Hey you guys (and gals)... in case you haven't yet figured this out... women are not meant to be figured out. They are meant to be received. You gotta learn to read in between the lines and really hear what she's saying underneath the words. If a guy get caught up in the content of what a woman is expressing to him or trying to figure out why she's behaving the way she is... it becomes an endless loop and he's toast. By the time a woman compartmentalizes what she's feeling into words and language, the feeling has already shifted. Women are meant to be danced with and loved. Women are like the weather. You could spend your entire life analyzing weather patterns, trying to figure it out to no end. Better to learn how to dance in the rain... to surf the tidal wave that is your woman. Learn to enjoy all of her expressions, good and bad... do this, and she will make you a very very happy man... guaranteed.


----------



## Mutatio NOmenis (Jun 22, 2009)

I thought women were meant to be penetrated. That's why they have these nice things called vaginas.


----------



## Bumundi (Oct 21, 2009)

In my experience, which I'm not sure counts for much, women tend to let you understand them when you don't try. So you think you don't understand a certain woman, and you give up and later on you find you understand that woman pretty well. But there are those times when women like to throw you for a loop, just when you've gotten comfortable. It's very unsettling, but I'm masochistic enough to enjoy the challenge.


----------



## AdAstraPerAspera (Oct 14, 2009)

LOL @ that diagram. Looked at it for ages going wtf?!
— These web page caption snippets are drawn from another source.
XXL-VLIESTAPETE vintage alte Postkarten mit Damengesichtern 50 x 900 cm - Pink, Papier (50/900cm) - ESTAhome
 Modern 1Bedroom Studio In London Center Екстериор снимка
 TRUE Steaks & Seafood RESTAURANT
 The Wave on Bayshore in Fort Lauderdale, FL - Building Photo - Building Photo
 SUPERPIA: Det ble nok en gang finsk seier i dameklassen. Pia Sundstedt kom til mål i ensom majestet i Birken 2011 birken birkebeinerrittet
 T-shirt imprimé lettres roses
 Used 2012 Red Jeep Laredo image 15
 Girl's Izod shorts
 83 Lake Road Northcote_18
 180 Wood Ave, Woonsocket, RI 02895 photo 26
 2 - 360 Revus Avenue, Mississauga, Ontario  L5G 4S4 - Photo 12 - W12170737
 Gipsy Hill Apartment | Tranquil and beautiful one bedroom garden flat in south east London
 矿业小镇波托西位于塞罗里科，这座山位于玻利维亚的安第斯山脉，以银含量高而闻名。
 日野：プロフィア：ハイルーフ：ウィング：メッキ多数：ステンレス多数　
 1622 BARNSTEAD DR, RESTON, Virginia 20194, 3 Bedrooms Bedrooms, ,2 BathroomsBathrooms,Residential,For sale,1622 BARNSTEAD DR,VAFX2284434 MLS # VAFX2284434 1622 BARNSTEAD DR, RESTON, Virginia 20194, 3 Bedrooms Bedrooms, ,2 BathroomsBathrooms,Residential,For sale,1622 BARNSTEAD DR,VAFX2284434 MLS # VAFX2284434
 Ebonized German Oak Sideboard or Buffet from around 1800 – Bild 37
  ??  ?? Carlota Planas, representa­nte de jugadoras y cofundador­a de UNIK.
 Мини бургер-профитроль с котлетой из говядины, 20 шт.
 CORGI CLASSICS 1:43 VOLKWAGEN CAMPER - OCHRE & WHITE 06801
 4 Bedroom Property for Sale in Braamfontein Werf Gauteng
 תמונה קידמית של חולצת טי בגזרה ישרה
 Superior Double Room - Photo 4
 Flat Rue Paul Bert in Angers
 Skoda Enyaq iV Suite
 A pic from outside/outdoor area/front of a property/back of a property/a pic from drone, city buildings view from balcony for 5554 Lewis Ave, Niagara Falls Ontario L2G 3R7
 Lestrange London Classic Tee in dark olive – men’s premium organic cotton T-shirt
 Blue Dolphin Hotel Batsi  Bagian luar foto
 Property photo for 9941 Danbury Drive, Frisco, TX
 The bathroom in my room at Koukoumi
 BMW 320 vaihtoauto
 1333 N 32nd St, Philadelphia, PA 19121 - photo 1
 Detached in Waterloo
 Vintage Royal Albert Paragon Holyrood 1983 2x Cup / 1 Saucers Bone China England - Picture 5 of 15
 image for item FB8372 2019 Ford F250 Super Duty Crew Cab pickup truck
While I have difficulty understanding a few of them, I can usually read them and understand them pretty well (maybe thats just me being an INFP), so I dunno. It just varies from woman to woman and how well you know what makes them tick.


----------



## inVeRted SpecTrum (Oct 3, 2009)

This is what my crazy philosophy teacher told me on a rant about sexism (note my teacher is male): women have larger corpus callosums-- nerves that connect the left and right hemispheres of the brain. He said this is why women are able to multitask better while men are able to focus on one thing with logic. Also supposedly the larger corpus callosum might be why women are more intuitive ( they are more easily able to communucate between the two hemispheres) and this also makes them more in tune with their emotions. Some people might also say the larger corpus callosum makes women smarter (perhaps thats why you don't understand us:tongue.Another random fact: men apparently have more endorphins floating around in their brains that make them happier or as my teacher put it, like their constantly shooting heroine- might be why some men seem so care free. He said some other stuff-- women can withstand more pain (so we're not as wimpy as we look). Anyways you can infer what you want from this, might explain some of the reasons behind the observed differences between the way men and women think.


----------



## Hiccups24-7 (Oct 17, 2009)

inVeRted SpecTrum said:


> ....Also supposedly the larger corpus callosum might be why women are more intuitive ( they are more easily able to communicate between the two hemispheres) and this also makes them more in tune with their emotions. Some people might also say the larger corpus callosum makes women smarter (perhaps thats why you don't understand us:tongue...


LOL!

It's like those robot movies with the robots that can't feel human emotion, they don't understand because they're not 'programmed' to experience it themselves. Just like men trying to figure out how women work, emotions/feelings can't always be put into words you can't explain it or translate it to text you just feel it, hence why men will never know, and will spend the rest of eternity trying.
It is funny to watch/read tho!! Like it's some huge wonderful mystery


----------